Now, back to the code. You've printed out the results; it's time to finish the program:
Write("Program finished, press Enter/Return to continue:");
ReadLine();
These lines just ensure that the results of the console program stay on the screen until you press a key, even if you press F5 instead of Ctrl+F5. You'll use this construct in most of the other LINQ examples as well.
There are multiple ways of doing the same thing with LINQ, as is often the case in programming. As noted, the previous example was written using the LINQ query syntax; in the next example, you will write the same program using LINQ's method syntax (also called explicit syntax, but the term method syntax is used here).
LINQ is implemented as a series of extension methods to collections, arrays, query results, and any other object that implements the IEnumerable<T>
interface. You can see these methods with the Visual Studio IntelliSense feature. For example, in Visual Studio 2015, open the Program.cs
file in the FirstLINQquery
program you just completed and type in a new reference to the names
array just below it:
string[] names = { "Alonso", "Zheng", "Smith", "Jones", "Smythe", "Small",
"Ruiz", "Hsieh", "Jorgenson", "Ilyich", "Singh", "Samba", "Fatimah" };
names.
Just as you type the period following names
, you will see the methods available for names
listed by the Visual Studio IntelliSense feature.
The Where<T>
method and most of the other available methods are extension methods (as shown in the documentation appearing to the right of the Where<T>
method, it begins with extension
). You can see that they are LINQ extensions by commenting out the using System.Linq
directive at the top; you will find that Where<T>
, Union<T>
, Take<T>
, and most of the other methods in the list no longer appear. The from…where…select
query expression you used in the previous example is translated by the C# compiler into a series of calls to these methods. When using the LINQ method syntax, you call these methods directly.

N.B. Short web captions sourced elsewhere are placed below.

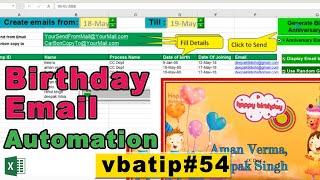 how to send birthday emails and anniversary using excel vba - vbatip#54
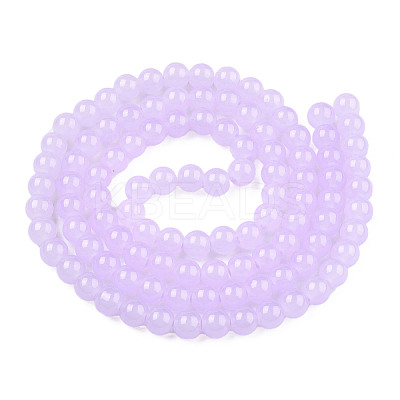 Imitation Jade Glass Beads Strands DGLA-S076-8mm-27-01-1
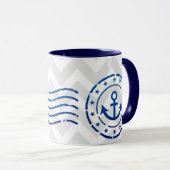 Mug Chevron nautique et sceau d'Ancre (Devant droit)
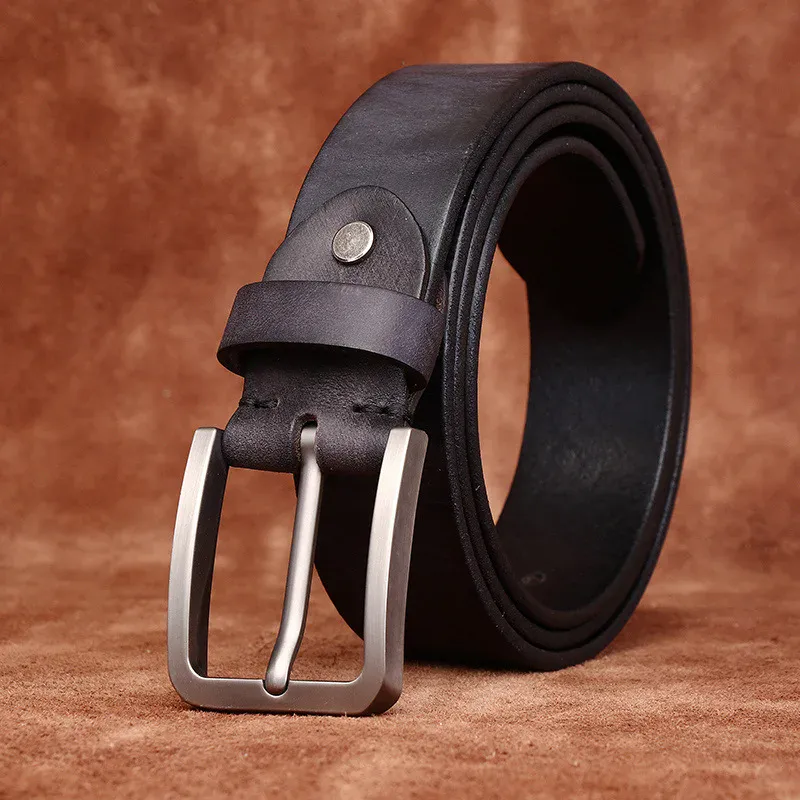 Men’s Genuine Leather Belt with Matte Pin Buckle Men’s leather belt with matte finish pin buckle for a classic look.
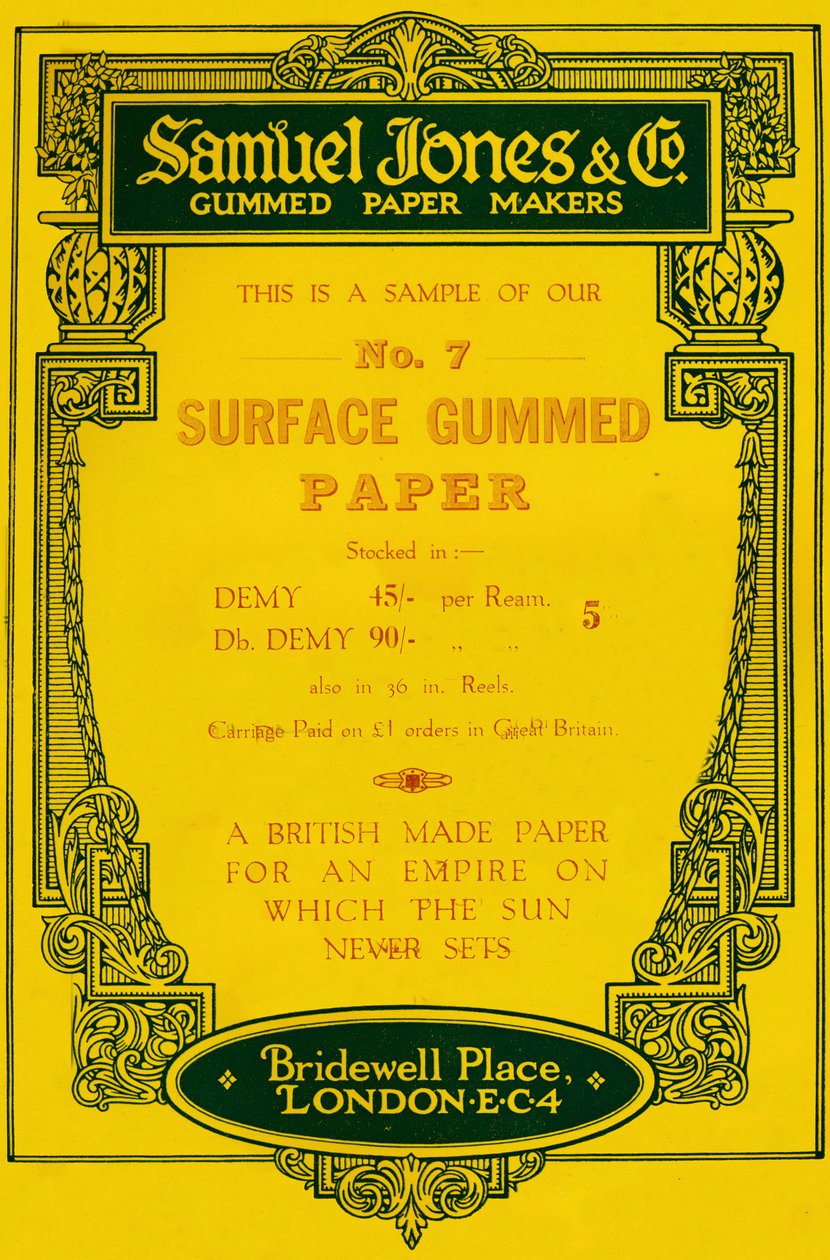 Advertentie van Samuel Jones & Company Gummed Paper Makers, 1919 door Unbekannt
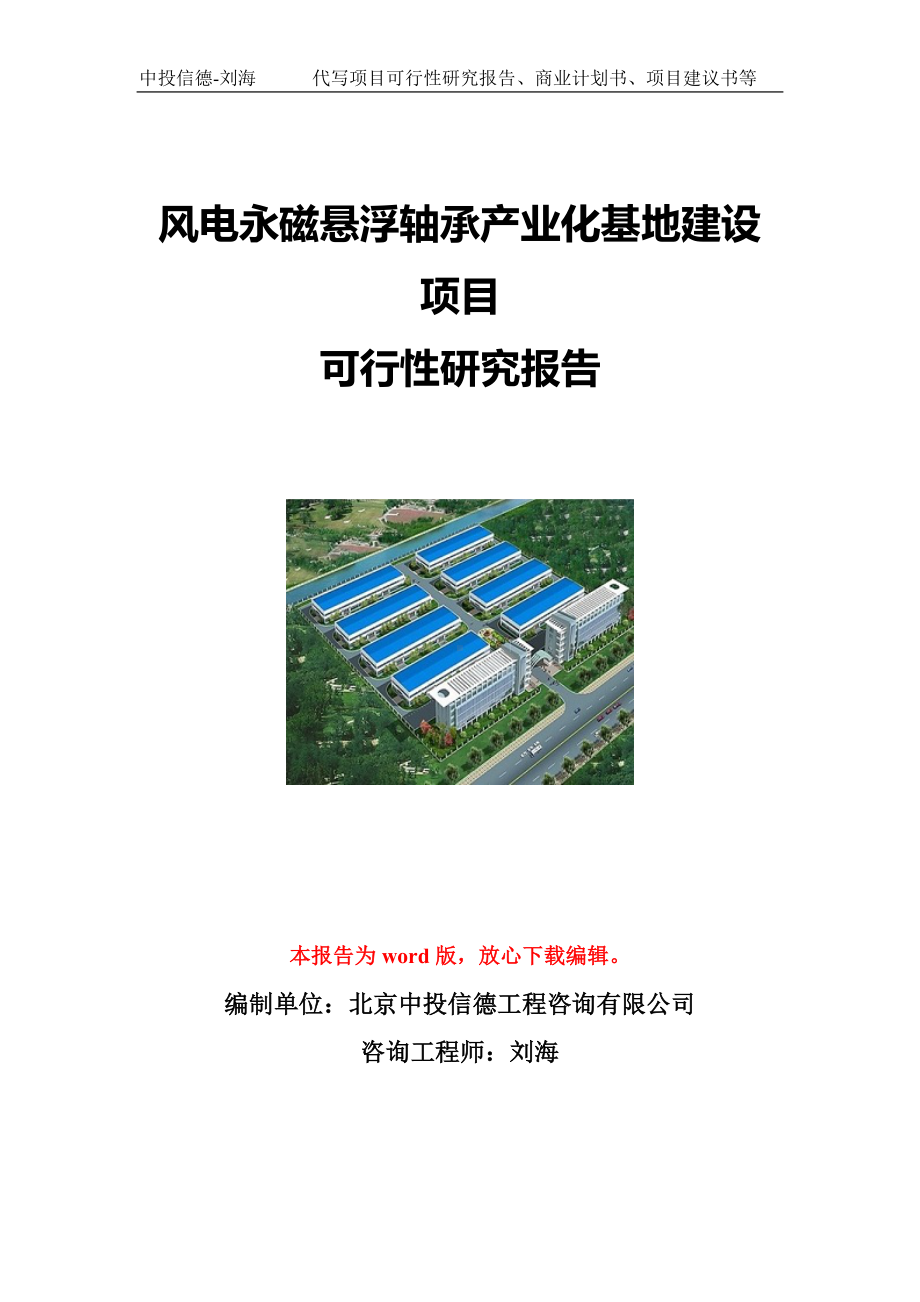 风电永磁悬浮轴承产业化基地建设项目可行性研究报告写作模板立项备案文件.doc_第1页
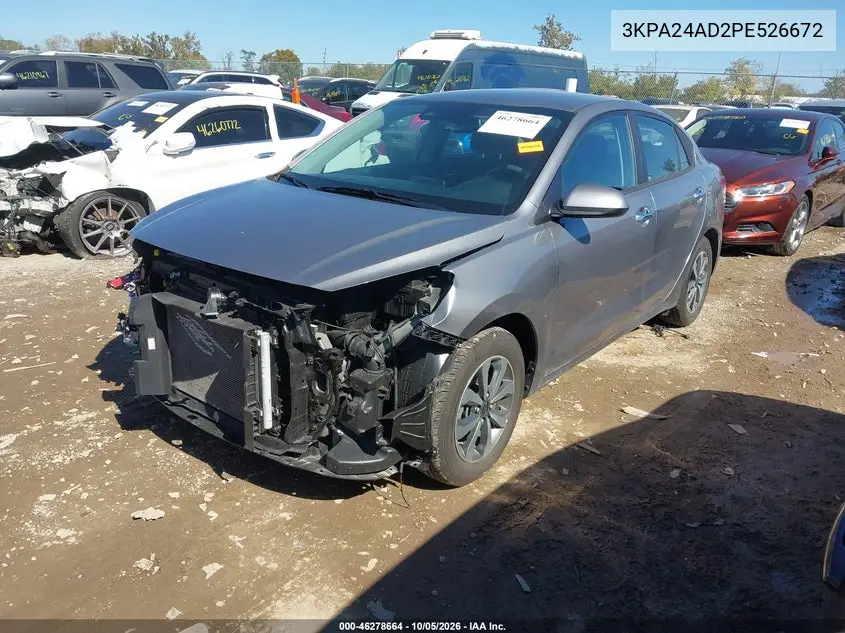 2023 KIA RIO VIN 3KPA24AD2PE526672 — фото 2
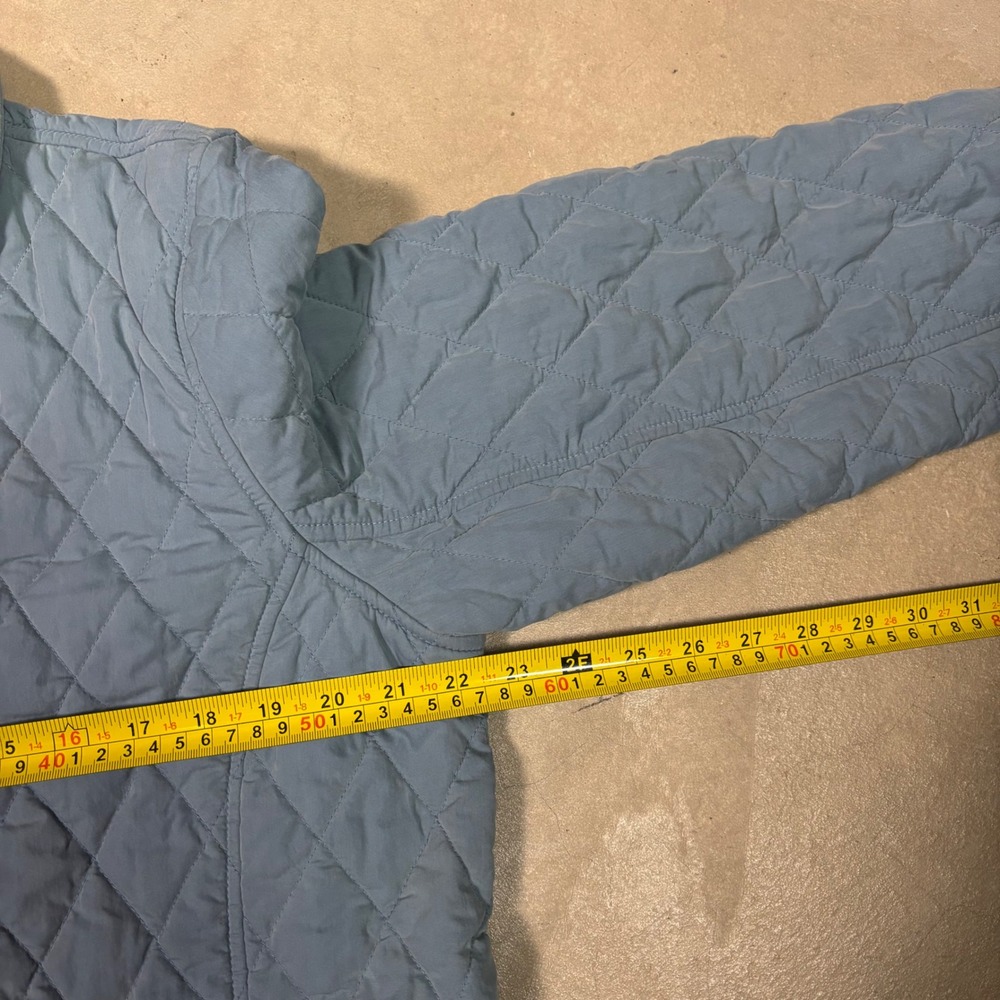 LL Bean Womens XL Quilted Barn Jacket Blue Plaid Lined Button Front Coat - Picture 7 of 8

The query syntax is the preferred way of programming queries in LINQ, as it is generally easier to read and is simpler to use for the most common queries. However, it is important to have a basic understanding of the method syntax because some LINQ capabilities either are not available in the query syntax, or are just easier to use in the method syntax.
As the Visual Studio 2015 online help recommends, use query syntax whenever possible, and method syntax whenever necessary.
In this chapter, you will mostly use the query syntax, but the method syntax is pointed out in situations where it is needed, and you'll learn how to use the method syntax to solve the problem.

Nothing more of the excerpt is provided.